# Britax or Graco?



## RayN (Apr 5, 2011)

Britax Roundabout 55 Convertible Car Seat or Graco MyRide 65 Convertible Car Seat

I've been doing research on car seats, and I think I've narrowed it down two these two. We haven't had the baby yet, so I need one that works for a newborn, and I want one to last as long as possible and rear facing that longer the better. Originally I was going to go with the Britax, but then I read that the Graco has more leg room as the baby grows. And then I read the Graco has some issues with the harness straps adjusting. Price isn't a problem, since my parents are going to buy it or pay for part of it. So Some experienced moms opinions would really help us to decide which one we want.

Thanks


----------



## Marissamom (Dec 17, 2009)

I've never played with a Roundabout, so can't directly compare, but both my 4 month old and my 26 month old ride in myrides.the only strap adjustment issue I've had came from the fact that the strap adjustment is at the front of the seat, so if you install more upright rear-facing it can get buried in the seat back. this hasn't been a big issue for us, but occasionally can be a pain


----------



## Hannah32 (Dec 23, 2009)

I hate the My Ride, which we have RF. The straps are very finicky and hard to adjust. They tangle quite easily. I don't have any experience with the other seat.


----------



## TheGirls (Jan 8, 2007)

The Britax seats are a bit iffy on fitting a newborn well. They seem to fit some tall/long torsoed babies, but not short or small ones, and sometimes not even average ones. The older Britax seats don't fit newborns at all. So I'd go with the MyRide of those two since you have no way to know how big your kid will be. It also has a slightly longer shell and more legroom. Other options to consider: Sunshine Kids Radian, Evenflo Triumph Advance, The First Years TrueFit.


----------



## Maedze (Dec 16, 2008)

I would not get a Britax convertible for a newborn.
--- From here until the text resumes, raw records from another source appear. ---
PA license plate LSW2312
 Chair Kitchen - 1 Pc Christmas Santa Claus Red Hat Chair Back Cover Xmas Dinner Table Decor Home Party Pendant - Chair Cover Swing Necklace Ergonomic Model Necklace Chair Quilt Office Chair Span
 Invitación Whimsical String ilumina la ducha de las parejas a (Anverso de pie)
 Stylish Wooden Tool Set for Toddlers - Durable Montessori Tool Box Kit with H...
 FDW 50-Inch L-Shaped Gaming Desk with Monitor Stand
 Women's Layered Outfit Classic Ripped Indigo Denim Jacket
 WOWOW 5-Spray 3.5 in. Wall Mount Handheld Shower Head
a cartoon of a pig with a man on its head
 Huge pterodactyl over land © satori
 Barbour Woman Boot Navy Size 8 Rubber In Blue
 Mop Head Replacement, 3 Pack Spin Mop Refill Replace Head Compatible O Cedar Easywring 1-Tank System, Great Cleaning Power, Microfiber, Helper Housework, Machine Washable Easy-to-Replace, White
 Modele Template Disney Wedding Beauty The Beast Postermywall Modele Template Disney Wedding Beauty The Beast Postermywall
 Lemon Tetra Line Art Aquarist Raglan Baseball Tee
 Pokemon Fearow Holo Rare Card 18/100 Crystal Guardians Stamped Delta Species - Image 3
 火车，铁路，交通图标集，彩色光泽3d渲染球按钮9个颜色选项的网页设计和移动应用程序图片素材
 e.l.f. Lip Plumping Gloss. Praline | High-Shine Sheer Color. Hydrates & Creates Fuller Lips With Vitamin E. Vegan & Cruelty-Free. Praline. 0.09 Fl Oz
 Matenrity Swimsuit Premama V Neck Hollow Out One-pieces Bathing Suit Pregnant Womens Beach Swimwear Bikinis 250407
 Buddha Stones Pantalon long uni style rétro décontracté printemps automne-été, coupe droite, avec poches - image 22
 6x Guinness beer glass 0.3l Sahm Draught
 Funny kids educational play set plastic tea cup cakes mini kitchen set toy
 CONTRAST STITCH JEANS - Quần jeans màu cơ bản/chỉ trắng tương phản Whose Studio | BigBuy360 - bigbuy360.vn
Of the two, only the My Ride is likely to fit most newborns well.

That being said, before you go for a convertible, make sure it fits in your car at the full 45 degree recline you'll need for several months. If it doesn't, use an infant seat in the interim, and then switch to a convertible once baby can tolerate a more upright angle.


----------



## chickabiddy (Jan 30, 2004)

I agree that I'd also look at the TrueFit and the Triumph65.


----------



## RayN (Apr 5, 2011)

Thanks guys, I'll look into those other brands yall mentioned.


----------



## DahliaRW (Apr 16, 2005)

LOVE my MyRide. No issues adjusting it or with twisting. And it has really nice padding for a newborn.


----------